Oh, then if that's the case, it seems like it's a straighforward generalization of the ordinary sieve approach. Why would you want to take hypercovers, at least in the case of (infinity,1)-toposes? That seems like it would only be important for (infinity,n)-categories for n>1.
I meant (2,2) categories as genuine bicategories.
@harry
So the point is: which collection of morphisms do we want to localize at?
Let be an ordinary site, for definiteness. For a covering family in we have
the Cech nerve which is a simplicial object in presheaves on the site, and as such an (oo,1)-presheaf. There is the canonical morphisms of simplicial presheaves
now if we localize (oo,1)-presheaves at all morphisms of this form, then we get the Cech-oo-stacks: a Cech oo-stack is a local object for all these morphisms, which means that all the morphisms
are weak equivalences. This is the oo-sheaf condition at Cech covers.
but we could take more morphisms at which we localize. On top of the above sets of Cech cover map, we could take every simplicial presheaf , which is a collection of coproducts of representables in each degree, and start replacing these representables themselves with Cech covers.
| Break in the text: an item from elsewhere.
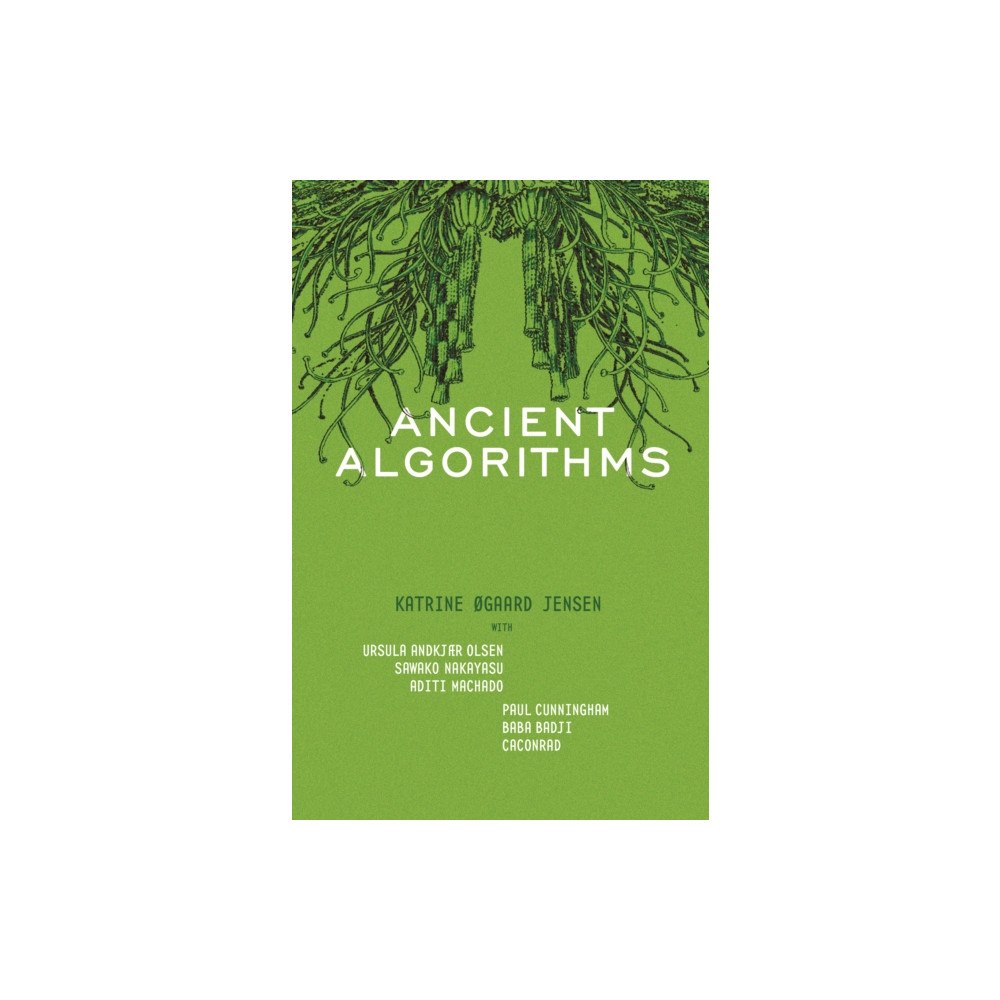 Sarabande Books, Incorporated Ancient Algorithms (häftad, eng)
Then we take this all together and get a new simplicial object, which is a much more "refined" resolution of the original X, let me call it , but there is not one such, but infinitely many (in fact, I think the problem is that hypercovers won't form a small set, even, but a large class).
So now you can in addition demand that an oo-stack should, to qualify as an oo-stack, satisfy descent with respect to all such hypercovers, in that all morphisms
are weak equivalences. The objects for which this is true are the "hypercomplete" oo-stacks. There are fewer of them, since this is a stronger condition.
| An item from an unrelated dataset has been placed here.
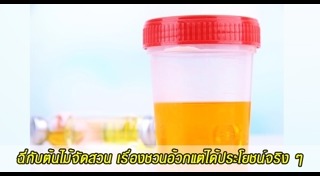 วิธีดูแลสวน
But the type of condition is always the same, and always the one you seem to like: we say an object is a local object if homming the morphisms that we want to force to become equivalences into it produces a weak equivalence.
So the main idea that isn't generalizing is the notion of a sieve. What goes wrong if we let covering sieves be subfunctors of the images of the objects under the yoneda embedding satisfying stability under base-change, local character, and identity axoims for a grothendieck topology (obviously not choosing all that satisfy the axioms, but just choosing from among those to generate a topology)? Will that generate an equivalent theory to either one of those two, something in between, or something altogether urelated? Does the notion of a subfunctor even make sense here?
I mean, doesn't the yoneda lemma (generalized) give us a canonical embedding of C into [C^op,Kan], and can't we just let subfunctors be subfunctors?
@David: You mean that we're not including base change either? Only local character?
When one considers a general coverage, covers don't necessary pull back to covers - what one gets is a square, but not a cartesian square. Though in practice the pullbacks often exist, and covers are stable, it isn't quite necessary.
A general coverage seems like the wrong notion. Base change is a huge part of the power of a grothendieck topology.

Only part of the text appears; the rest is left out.